The percentage difference was nearly identical in the 2005 and 2006 seasons, although the absolute symptom scores declined in both groups as time went on.

Dr. Emminger said this resulted from a combination of reduced average pollen counts and different patterns in rescue medication usage.

Adverse effects were extremely common with Grazax during the first year, with 81% of patients reporting an average of two treatment-emergent events each. In the placebo group, 23% of patients reported adverse effects.

The effects with Grazax were generally mild oral and esophageal reactions that vanished after two weeks in most patients.

By the third year, Grazax still appeared to cause more adverse effects than placebo, but the difference was less stark. Only 19% of patients receiving Grazax reported adverse effects in 2005, compared with 9% of the placebo group.

Dr. Emminger explained that the Grazax regimen is unlike most other allergic immunotherapies, which start with small doses and gradually build up.

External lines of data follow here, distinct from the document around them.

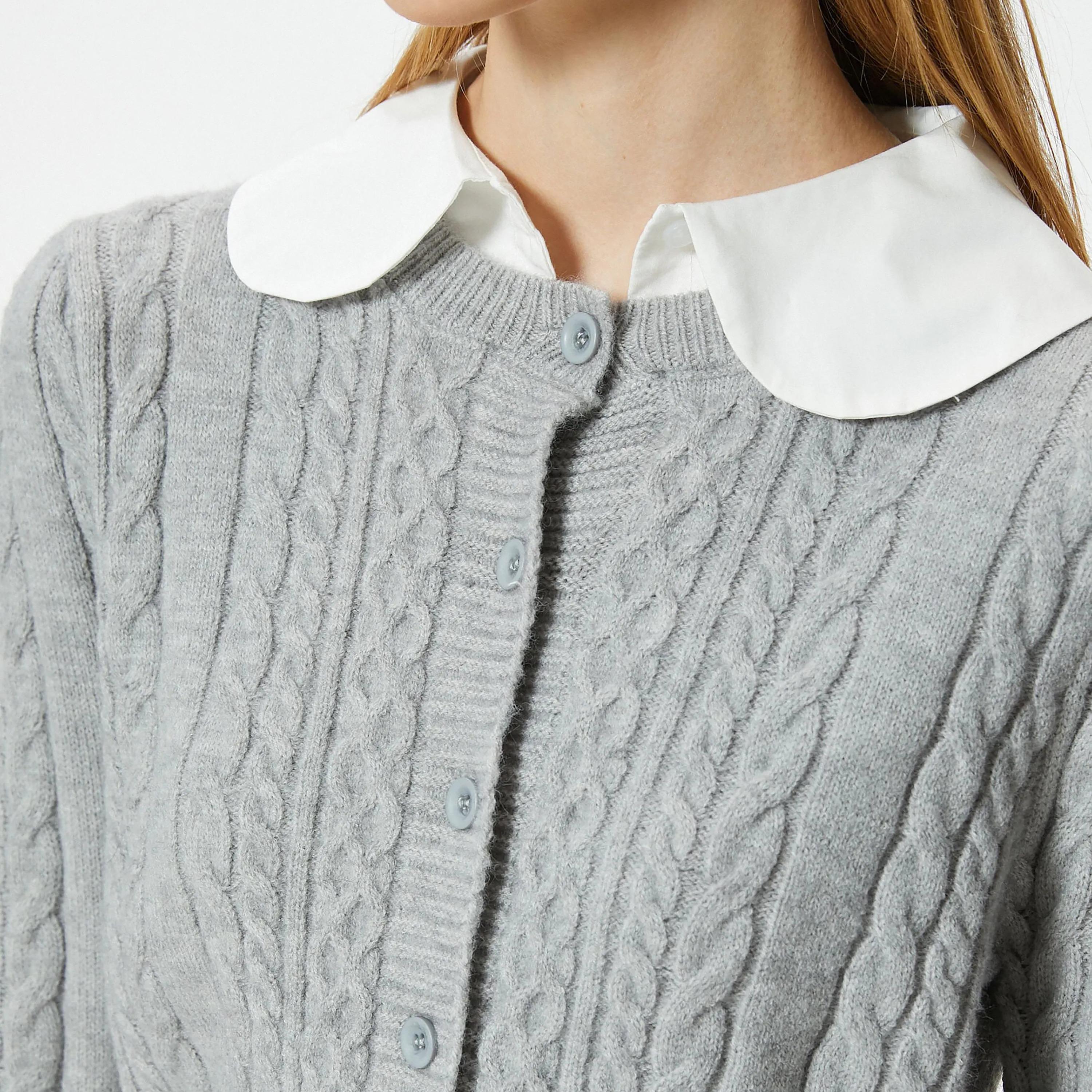 كارديجان نسائي رمادي محبوك بالكابل من كوتون-women-winterwear-cardigansandjumpers-cardigans-image-4
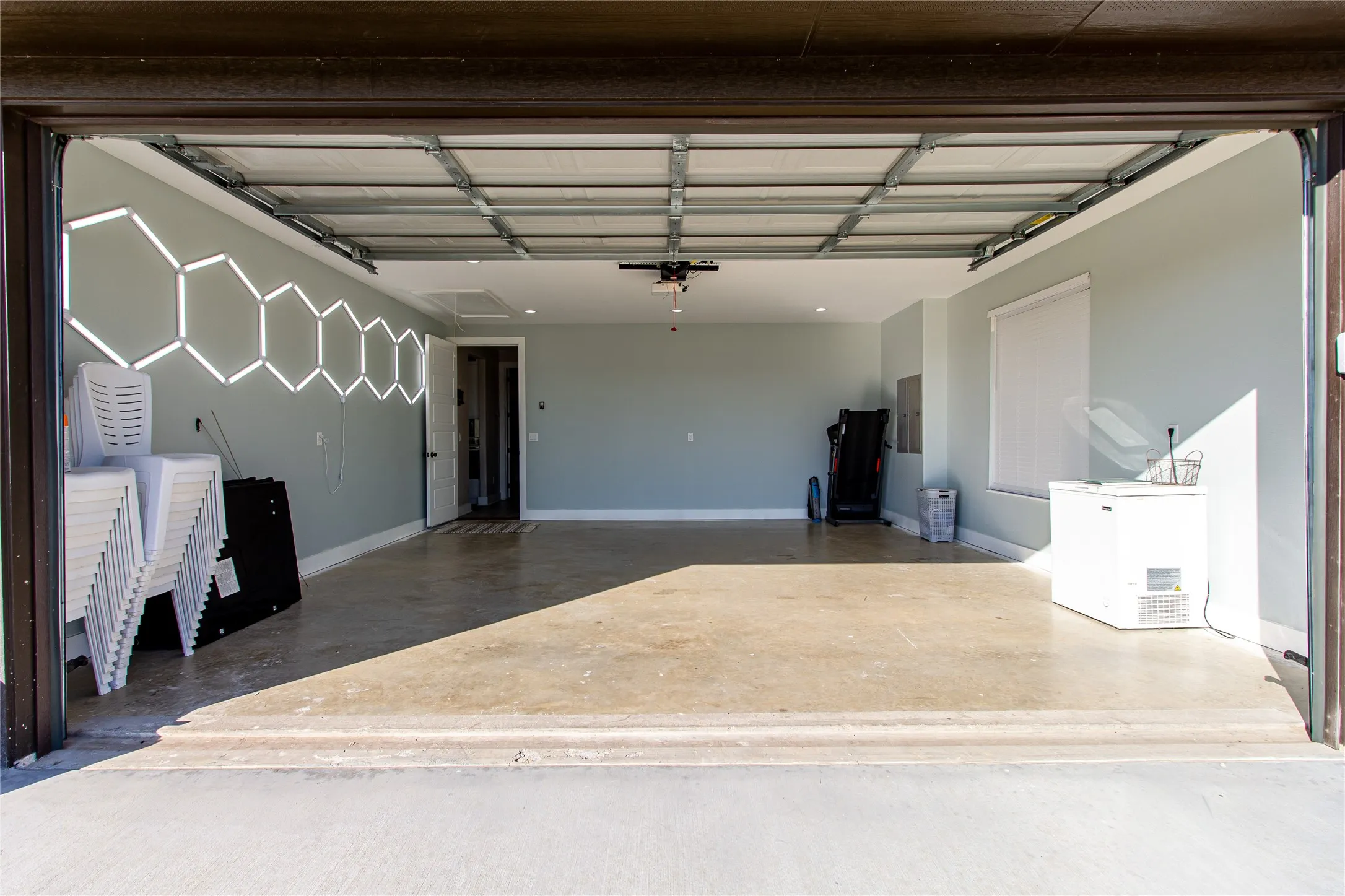 Single Family Residence For Sale in Ellis County , 3900 FM 1183, Ennis, Texas 75119, 5 Bedroom, 2 Bathroom, 2 Garage spaces, 3,419 Sqft, built in 2023, mls#21378391, Real Estate Agent in Ennis, Homes For Sale in Ellis county, Homes For Sale in Ennis, Realtor in Ennis Texas, Real Estate Brokerage Independent Realty Texas, Luminita Cordes Realtor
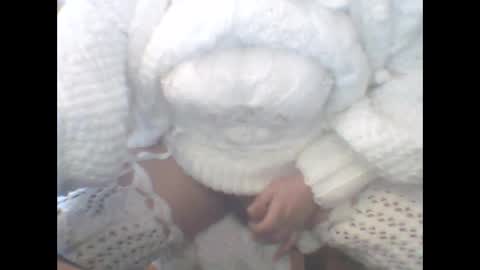 whitesweater online show from March 2025 10:09:01 AM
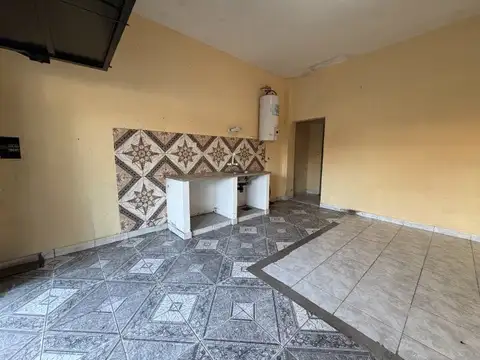 Monte Grande Arenales y Libertad 875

With Grazax, patients start with the full dose from day one, she said.

She said that fewer than 1% of patients in both groups discontinued because of adverse effects.

The product’s U.S. sponsor, Schering-Plough, is now backing a phase III trial with results expected in September 2009, thus covering the next two pollen seasons, a company spokeswoman said.

It’s the second try for Schering-Plough and ALK-Abello, the Danish firm that developed Grazax. An earlier phase III trial ended last year with Grazax failing to meet the primary endpoint of significant symptom reduction relative to placebo.

Neither treatment group showed an increase in symptoms during pollen season, making it impossible to find a difference, according to ALK-Abello.

Primary source: AAAAI Meeting
Source reference:
Emminger W, et al “The long-term efficacy and safety of a grass allergen tablet for sublingual immunotherapy: Findings from a 3-yr clinical trial” J Allergy Clin Immun 2008; 121:S75.